6. M. A soutient que l'exécution de la décision litigieuse le place en situation irrégulière, faisant obstacle à ce qu'il puisse occuper un emploi et se déplacer librement. Il est constant que l'intéressé, qui est entré en France le 13 juillet 2018 sous couvert d'un visa de court séjour, s'est maintenu irrégulièrement sur le territoire français à l'expiration de ce dernier et n'a sollicité la délivrance d'un titre de séjour qu'en mars 2023. S'il fait valoir que le préfet de la Marne ne lui a pas délivré un récépissé l'autorisant à séjourner sur le territoire français pendant l'instruction de sa demande de titre de séjour, cette circonstance est sans incidence sur l'appréciation de l'exécution de la décision portant refus de délivrance d'un titre séjour sur sa situation à la date de la présente ordonnance. Il ne peut davantage invoquer le risque d'être assigné à résidence ou d'être placé en rétention administrative en l'absence de mesure d'éloignement prise à son encontre. M. A n'allègue pas et n'apporte aucun élément de nature à établir qu'il exercerait une activité professionnelle ou aurait entrepris des démarches de recherche d'emploi en vue de subvenir aux besoins de sa famille. Dans ces conditions, et alors même que son enfant est né le 31 mai 2024, les circonstances ainsi invoquées ne sont pas de nature à établir que l'exécution du refus de lui délivrer un titre de séjour porte une atteinte suffisamment grave et immédiate à sa situation, notamment personnelle et professionnelle, pour créer une situation d'urgence au sens de l'article L. 521-1 du code de justice administrative. La condition d'urgence prévue à l'article L. 521-1 du code de justice administrative n'étant pas satisfaite, M. A n'est pas fondé à demander la suspension de l'exécution de la décision implicite du préfet de la Marne refusant de lui délivrer un titre de séjour.

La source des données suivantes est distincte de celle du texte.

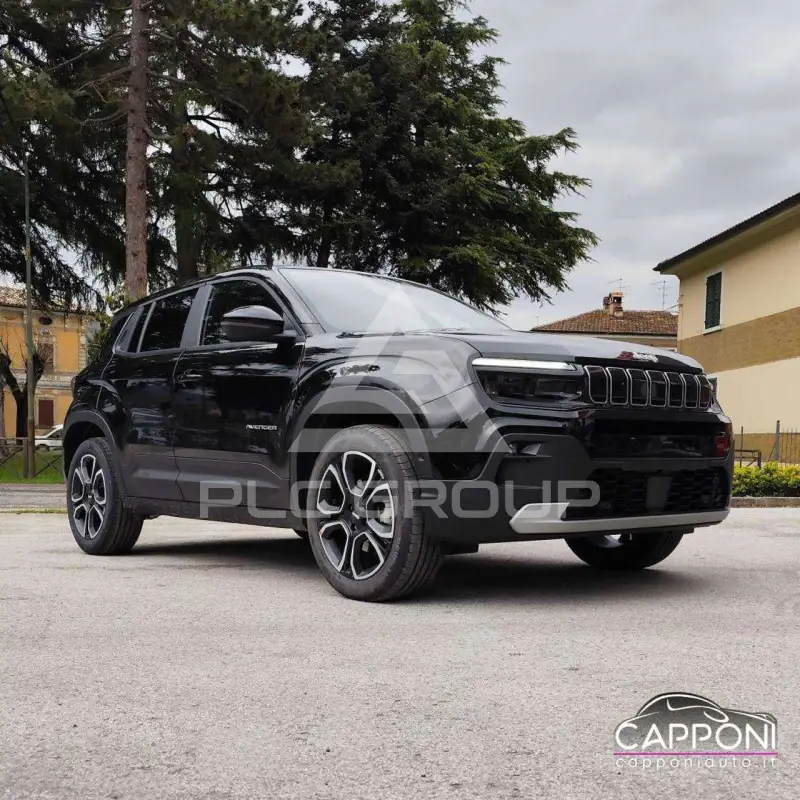 2026 Jeep Avenger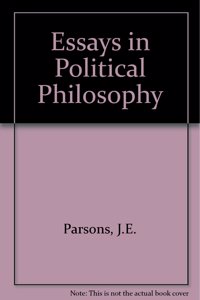 Essays in Political Philosophy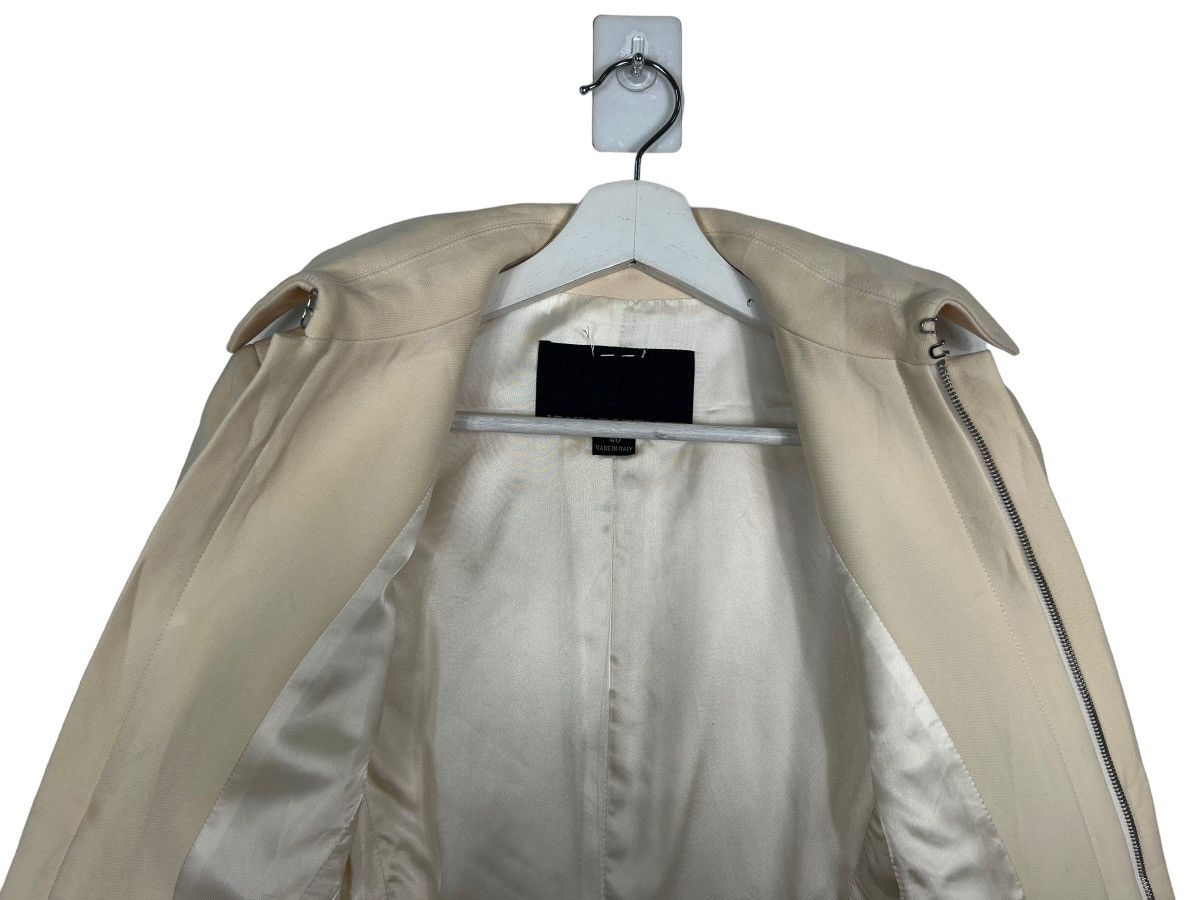 John Bartlett 🔥 JOHN BARTLETT CROPPED GARMENT JACKET MADE IN ITALY Size S / US 4 / IT 40 - 11 Thumbnail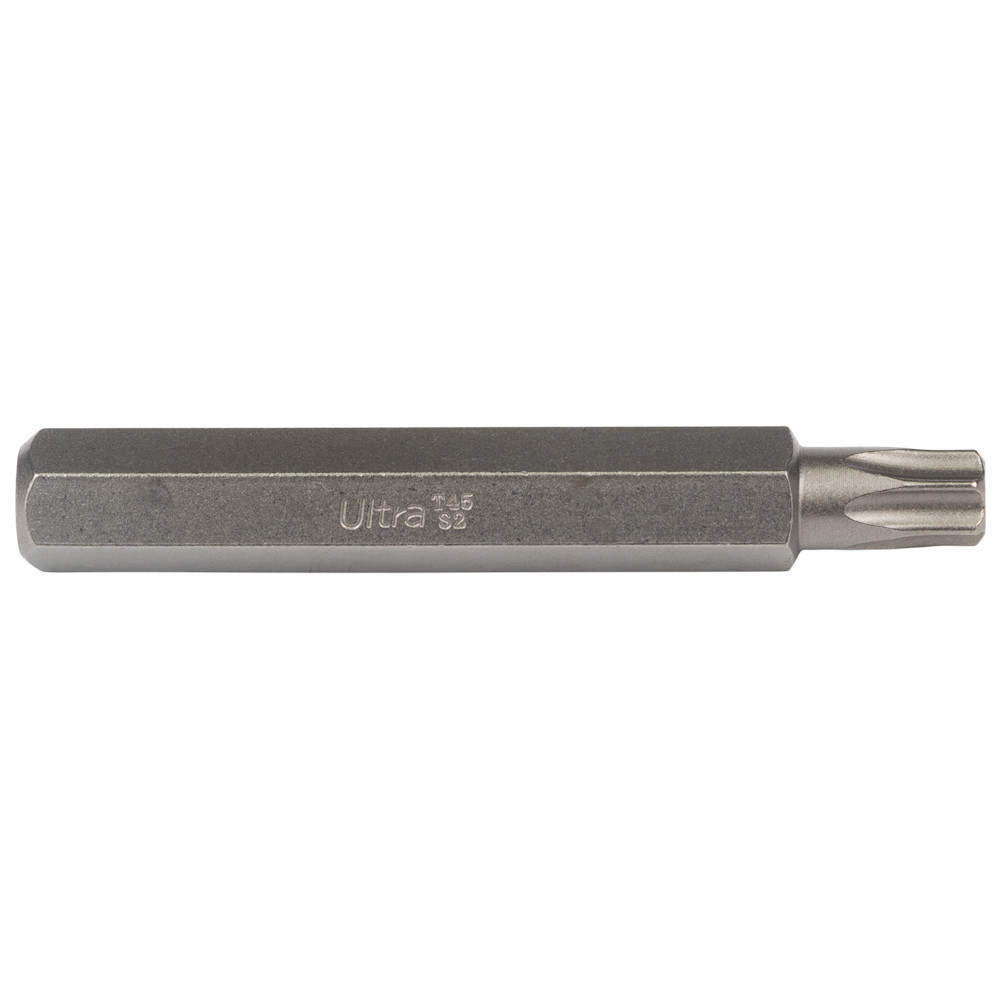 Набор бит HEX TORX Spline 10мм 40шт S2 (металл кейс) ULTRA (4017092) Киев - изображение 6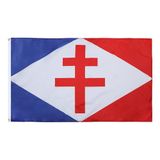 AZ FLAG Vlag Vrije Franse Marine 150x90 cm Polyester 100D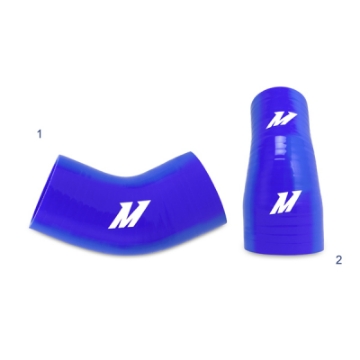 Picture of Mishimoto 03-06 Mitsubishi Lancer Evolution 7-8-9 2-0L W5M51-2 Lower Intercooler Pipe Kit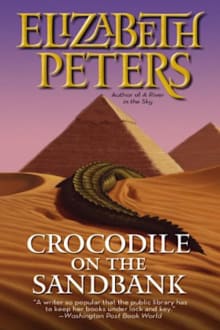 Book cover of Crocodile on the Sandbank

7. Il résulte de ce qui précède que la requête de M. A doit être rejetée, y compris ses conclusions aux fins d'injonction et celles présentées au titre de l'article L. 761-1 du code de justice administrative et de l'article 37 de la loi du 10 juillet 1991, en application des dispositions de l'article L. 522-3 du même code.

O R D O N N E :

Article 1er : M. A est admis, à titre provisoire, au bénéfice de l'aide juridictionnelle.

Article 2 : Le surplus des conclusions de la requête de M. A est rejeté.

Article 3 : La présente ordonnance sera notifiée à M. B A et à Me Alexandrine Boia.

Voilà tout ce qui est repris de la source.